Hi, I am using a computation server with multiple nodes each of which has 4 GPUs and they are managed with SLURM. I want my code to send the data and model to one or multiple GPUs. I assumed if I use torch.device("cuda") it makes the device to be a GPU without particularly specifying the device name (0,1,2,3). I would like to make sure if I understand the difference between these two command correctly.
torch.device("cuda") # without specifying the cuda device number
torch.device("cuda:0") # use cuda device 0
Existence. I launch a job with SLURM, so I cannot define CUDA_VISIBLE_DEVICES, it simply sends my code to a node but does not define which GPU to use, and as you said it goes automatically to index 0, in other words I can never use other GPUs on the node.
You could try torch.cuda.device_count() to get the number of GPUs available, and maybe torch.cuda.get_device_name(device_id) to get the name of the used device.
okay, so I am trying to run my model on 2 gpu’s I have. Following is my code and it is giving me Type Error: '<' not supported between instances of 'range' and 'int'
device_id = torch.cuda.device_count()
device = torch.cuda.get_device_name(range(device_id))
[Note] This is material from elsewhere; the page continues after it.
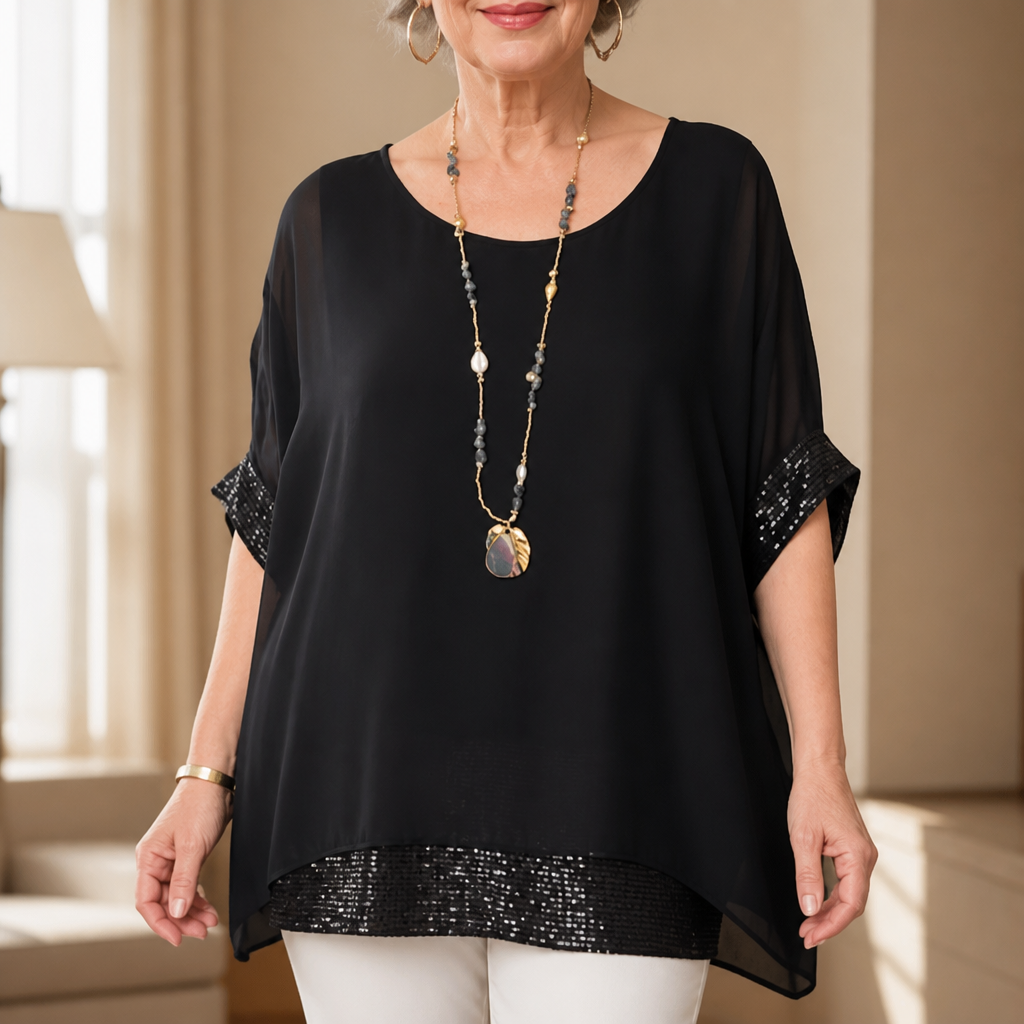 Wearbella Sequin Trim Tunic - Women's Relaxed Blouse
if torch.cuda.device_count()>1:
model = nn.DataParallel(model)
model = model.to(device)
elif train_on_gpu:
model = model.to(device)
torch.cuda.device_count() will give you the number of available devices, not a device number range(n) will give you all the integers between 0 and n-1 (included). Which are all the valid device numbers.
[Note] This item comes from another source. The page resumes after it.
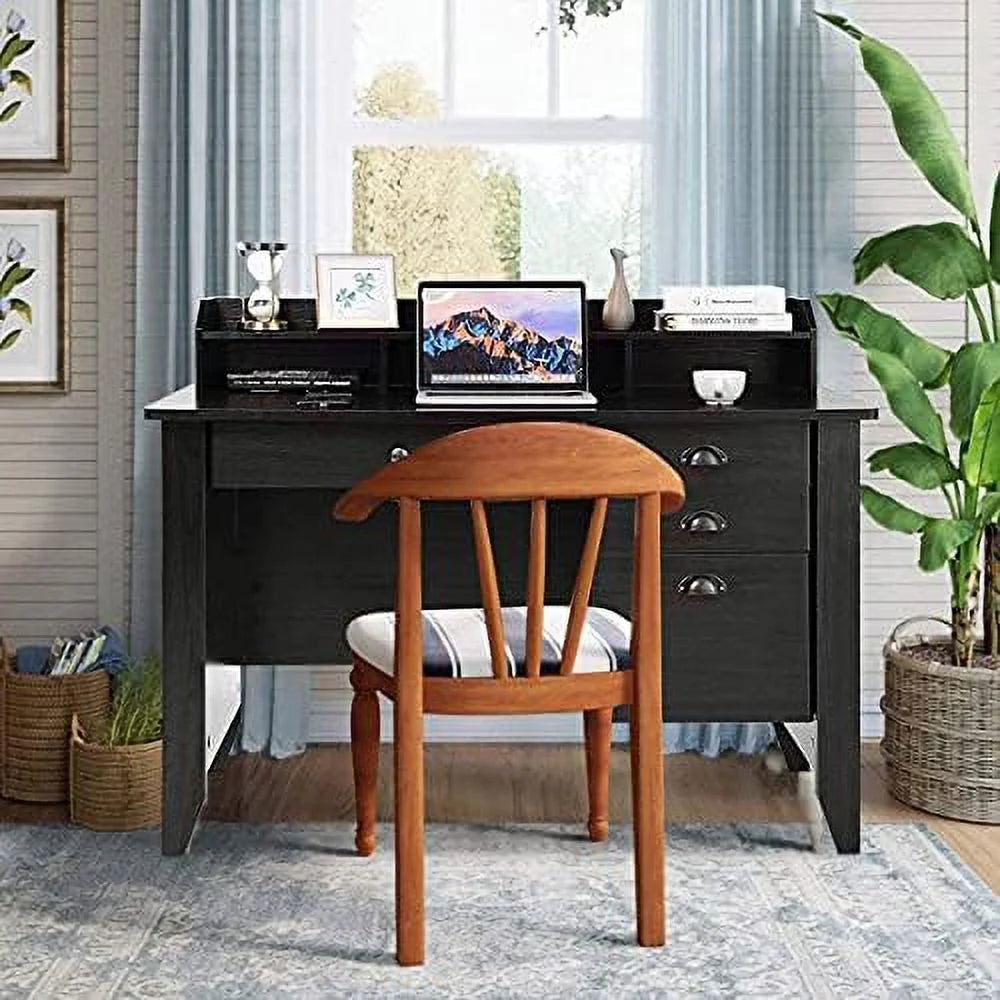 Brown Wooden Computer Desk with 4 Drawers and Bookshelf T8683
okay, another doubt, after I stored name of gpu’s in the device device = torch.cuda.get_device_name(range(device_id)) then how to use it in model like in the following calling -
if torch.cuda.device_count()>1:
model = nn.DataParallel(model)
model = model.to(device)
elif train_on_gpu:
model = model.to(device)
If you have torch.cuda.device_count() == 1 Then you can use only 0 as a device id.
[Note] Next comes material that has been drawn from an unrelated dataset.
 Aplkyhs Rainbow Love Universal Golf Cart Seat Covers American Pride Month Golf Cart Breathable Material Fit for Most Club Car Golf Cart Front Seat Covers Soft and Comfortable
If you have torch.cuda.device_count() == 2 Then you can use 0 and 1 as valid device ids. etc.
okay, I am going to cry now.
Then how to include multiple gpu’s in this code, like in the following way-
device_id = torch.cuda.device_count()
if torch.cuda.device_count() == 1:
model = model.to("cuda:{}".format(0))
elif torch.cuda.device_count ==2:
model = nn.DataParallel(model)
model = model.to("cuda:{}".format(1))
But it isn’t too much hard-coded way to do things?